Pelatihnya pernah mengundang Rita makan siang pada musim panas tahun lalu. Itu adalah kali pertama sekaligus kali terakhir ketika Rita menemui seseorang tanpa sepengetahuan Jim. Tapi ia dan Harold sudah seperti keluarga. Harold mengatakan maksudnya dan membujuk Rita untuk kembali bermain di panggung teater. Rita tidak pernah mengakuinya, tapi ia adalah aset besar Harold. Penampilan pertamanya dalam teater yang membawakan kisah klasik ‘putri angsa’ berhasil membawa keuntungan besar. Sejak saat itu, Harold sering menampilkannya sebagai peran utama pada proyek besarnya. Rita mendapat bayaran yang layak, ia diberi tempat tinggal dan biaya kehidupannya ditanggung oleh Harold – setidaknya sampai Rita bertemu Jim.

“Sayang sekali suamimu memiliki terlalu banyak uang untuk diamburkan,” kata Harold dalam pertemuan mereka siang itu.

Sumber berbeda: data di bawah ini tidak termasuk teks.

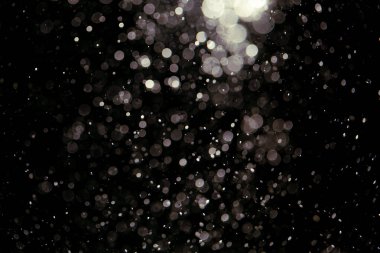 Siyah arkaplanda siyah bokeh dokusu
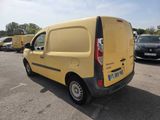 a yellow van parked in a parking lot next to other cars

Rita baru saja memesan burger cheese ukuran sedang untuk dirinya, sedangkan Harold hanya memesan kopi karamel. Mereka duduk dan mengobrol selama beberapa jam dan dalam setiap kesempatan yang ada Harold selalu membujuknya untuk kembali. Namun, seiring berjalannya waktu laki-laki itu menyadari bahwa Rita tidak akan mengubah keputusannya hingga Harold menyerah dan memutuskan untuk sekadar melewati obrolan santai untuk melepas kerinduan semasa mereka masih bekerja di belakang panggung yang sama.

“Bagaimana Nina?”

Seorang balerina lainnya yang dinikahi Harold pada akhir musim semi dua tahun yang lalu, selalu tampil mengesankan di atas panggung. Nina baru benar-benar berhenti dari panggung ketika mengetahui dirinya tengah mengandung anak Harold. Samar-samar Rita masih mengingat bayi laki-laki yang sehat itu. Warna matanya persis seperti Harold, namun kulitnya sepucat Nina.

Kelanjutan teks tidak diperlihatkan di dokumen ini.